Forty years ago today, the National Guard fired into a distant crowd of student protesters at Ohio's Kent State University, killing four students. As a TV critic and scholar, I've been quoted by the Cleveland Plain Dealer about one media-related aspect of the tragedy -- but back in 1970, at age 16, I relayed by thoughts via the media also -- delivering a controversial editorial for my high school's closed-circuit TV system...
My more recent media appearance comes courtesy of a Plain Dealer article by friend and fellow critic Mark Dawidziak. He writes a story about Crosby, Stills, Nash & Young's "Ohio," the hot-off-the-record-presses reaction to the Kent State killings, with Neil Young's chillingly concise phrase, "Four dead in Ohio."
You can read that story -- and I hope you do -- by clicking HERE.

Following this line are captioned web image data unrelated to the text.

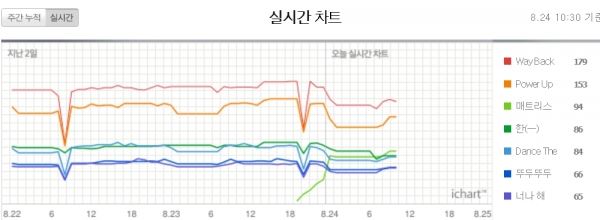 (사진=아이차트 캡처)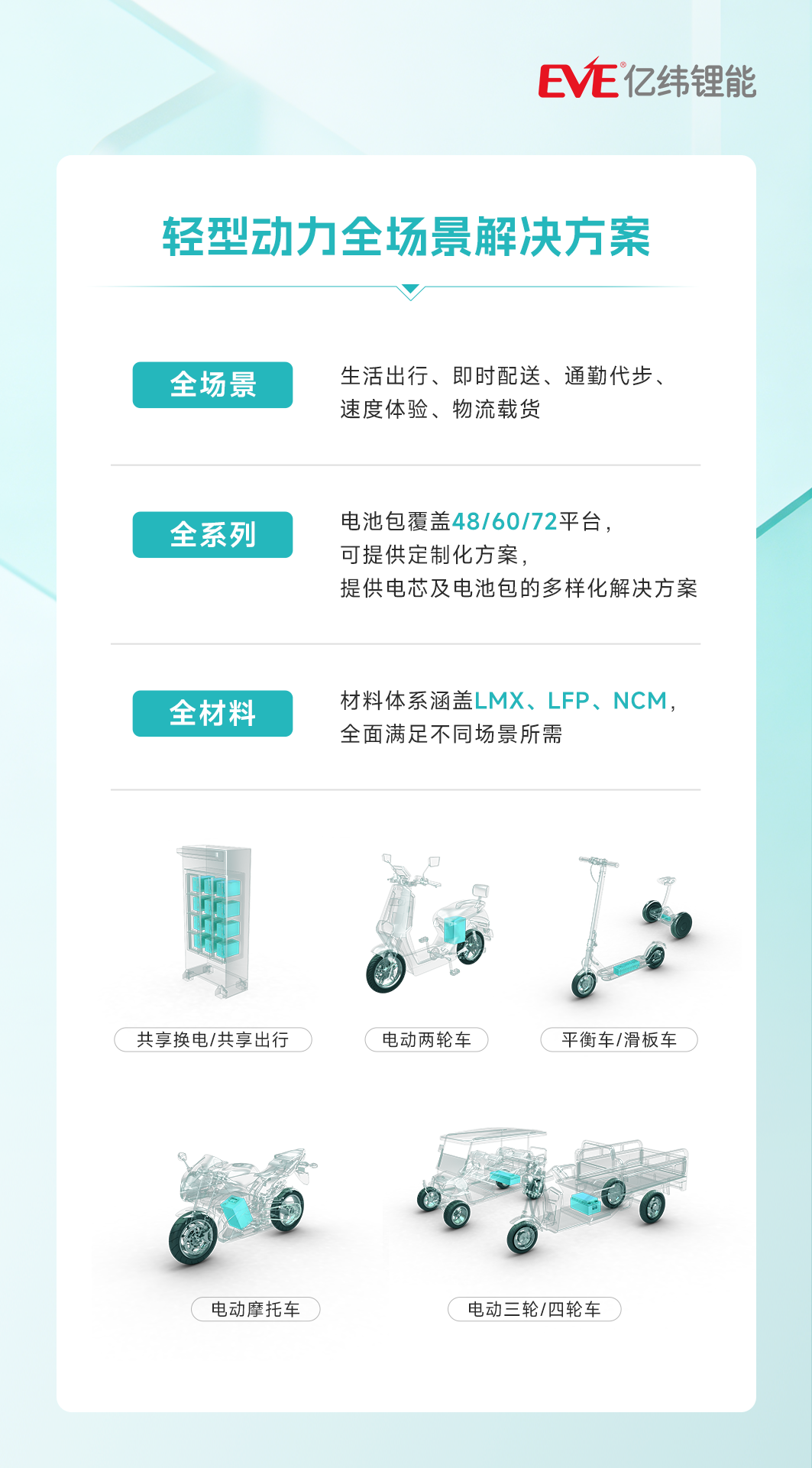 五款长图文-A2.png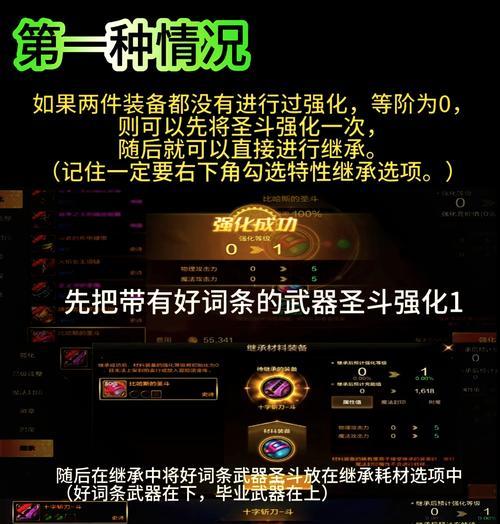 DNF继承手游的含义是什么？继承系统如何操作？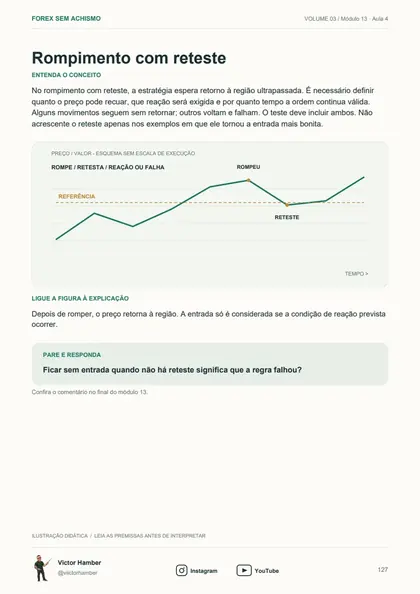Página real ilustrando rompimento, retorno à região e condições do reteste
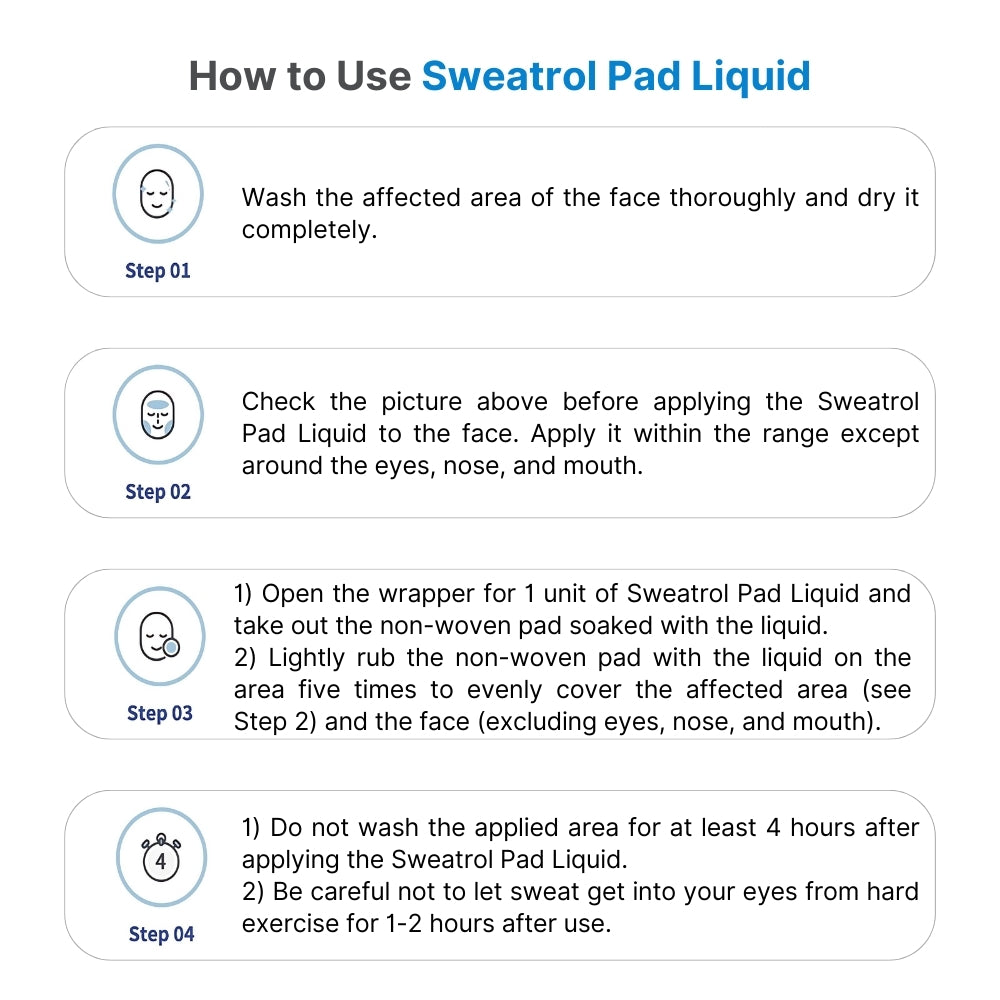 Sweatrol Pad 5pcs Anti Sweat Keep your makeup / Anti-perspirant Keep your makeup from sweating off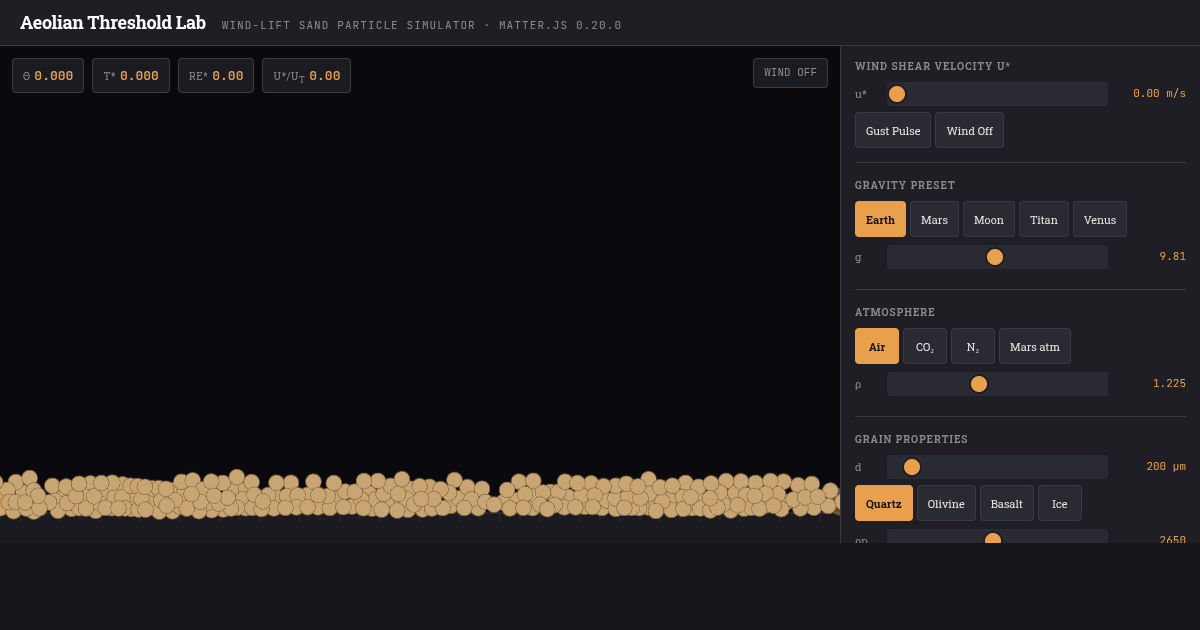 Aeolian Threshold Lab — Wind-Lift Sand Particle Simulator preview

Forty years ago, I was a junior at Nova High School in Ft. Lauderdale, FL, at a pivotal point in my young media-loving education. By that time, I already had been a columnist and editor for my high school newspaper, quit to start my own underground newspaper, then gotten a weekly show on the school's closed-circuit TV system. (For a while, anyway.)
The show was supposed to a short, simple method of broadcasting the day's school announcements, but a group of us TV-savvy youngsters expanded it, making it a longer daily show with comedy, talk, sketches and other stuff. Playful nonsense, basically. I wrote a multi-part soap opera, set in a college town, called "Secret Dorm," spoofing a then-popular TV soap opera. That should give you an idea of the usual content.
But after Kent State, it wasn't a time for anything usual. On campus, we were planning a mock funeral to protest the killings. (Yes, technically, 1970 was still the Sixties.) And even though I was basically a joker on TV, I wanted to write and deliver a serious editorial -- a first for me, and the TV operation. Our TV journalism teacher, a wonderful woman named Joyce Hall, approved it, and fought for and got the approval and signature of the principal as well.
So on Wednesday, May 6, two days after Kent State, I delivered my first and only TV editorial. It's one of the few things I've saved from that period, and here are two sample paragraphs:
"At Kent State University, four college students were killed, and another dozen wounded, by gunfire from the National Guard. Regardless of where the blame is placed, the fact remains: Allison Krause, Sandy Scheuer, Jeff Miller and William Schroeder died during a college demonstration.
"It is important that people across the nation realize what is happening to our college, and even high school, campuses. It is also important that they understand that the deaths of these students should not be permitted to fade from the memories of the 'silent majority'..."
Forty years later, Kent State remains front-page news, as it should. "The only cause we can give to their deaths," I concluded then, at age 16, "is to make us all think. About what's happened, about each other, and about ourselves."
At age 56, that still sounds like good advice... which is why, today, I'm indulging myself by doing just that.